EU Member States should only second staff members for a minimum of 2.5 years (even where moving to a fully contracted staffed system is unrealistic in the short term). Human relationships are key in the world of SSR where local actors are often suspicious of outside actors. These human relationships take time to build, sustain and evolve. The revolving door movement of CSDP mission staff members on an annual basis undermines the EU and indeed its Member States, leading to frustration on the part of local actors.
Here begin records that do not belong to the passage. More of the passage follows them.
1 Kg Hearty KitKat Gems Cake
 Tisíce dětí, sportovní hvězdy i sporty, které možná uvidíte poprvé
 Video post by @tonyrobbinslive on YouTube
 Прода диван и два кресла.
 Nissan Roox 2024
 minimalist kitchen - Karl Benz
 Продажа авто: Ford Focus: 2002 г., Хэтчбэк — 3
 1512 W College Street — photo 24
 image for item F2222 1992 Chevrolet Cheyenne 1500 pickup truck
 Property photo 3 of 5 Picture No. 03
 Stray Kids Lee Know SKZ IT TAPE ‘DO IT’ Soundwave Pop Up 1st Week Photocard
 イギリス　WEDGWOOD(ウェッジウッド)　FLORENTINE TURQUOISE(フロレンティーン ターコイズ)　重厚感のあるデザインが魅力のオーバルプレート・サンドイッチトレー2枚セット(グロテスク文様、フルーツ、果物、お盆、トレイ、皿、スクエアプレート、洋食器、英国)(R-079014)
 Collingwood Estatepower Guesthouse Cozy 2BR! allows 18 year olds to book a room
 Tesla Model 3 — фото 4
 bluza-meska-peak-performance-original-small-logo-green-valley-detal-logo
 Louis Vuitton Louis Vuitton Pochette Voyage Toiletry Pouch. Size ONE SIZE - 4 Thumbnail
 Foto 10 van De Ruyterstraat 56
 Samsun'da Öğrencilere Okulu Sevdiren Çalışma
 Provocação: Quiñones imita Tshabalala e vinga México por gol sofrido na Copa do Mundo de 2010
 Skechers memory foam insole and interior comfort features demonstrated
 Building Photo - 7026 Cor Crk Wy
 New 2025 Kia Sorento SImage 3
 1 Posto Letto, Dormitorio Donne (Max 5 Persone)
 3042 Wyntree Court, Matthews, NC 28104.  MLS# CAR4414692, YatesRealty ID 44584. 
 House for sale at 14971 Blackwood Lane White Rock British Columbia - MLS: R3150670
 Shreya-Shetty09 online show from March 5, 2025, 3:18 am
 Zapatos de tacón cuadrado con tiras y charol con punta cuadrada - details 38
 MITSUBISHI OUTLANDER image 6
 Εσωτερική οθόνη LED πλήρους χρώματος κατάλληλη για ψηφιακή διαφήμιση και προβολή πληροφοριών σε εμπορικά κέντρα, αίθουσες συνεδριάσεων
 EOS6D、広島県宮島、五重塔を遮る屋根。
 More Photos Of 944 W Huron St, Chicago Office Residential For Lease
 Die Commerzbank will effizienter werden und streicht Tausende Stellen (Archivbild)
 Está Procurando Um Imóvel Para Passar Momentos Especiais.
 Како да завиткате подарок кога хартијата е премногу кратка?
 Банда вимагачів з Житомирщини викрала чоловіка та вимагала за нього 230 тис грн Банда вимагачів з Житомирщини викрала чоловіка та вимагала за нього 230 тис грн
Building more effective iterations of EU foreign policy also demands more clarity at HQ level in Brussels. The lack of direction and constantly changing priorities from Brussels can damage morale both at HQ level and in the field. In addition, the lack of coordination and common thought between CSDP missions and the local EU delegations is costly both financially and in terms of credibility. Currently, there seems to be a lack of impetus for the utility and necessity of real cooperation between EU delegations and CSDP missions. Deep, hand in glove cooperation must become both normal and expected. The EU is one of the largest donors across the globe and it funds innumerable projects which are managed by EU staff in Brussels and in the various delegations. EU delegation staff are by their very nature diplomatic generalists. This means that they should have to seek the assistance, advice and expert counsel of expert CSDP mission staff . Formalised cooperation is needed urgently so that CSDP missions and relevant EU delegations must cooperate at all levels in all CSDP mission areas.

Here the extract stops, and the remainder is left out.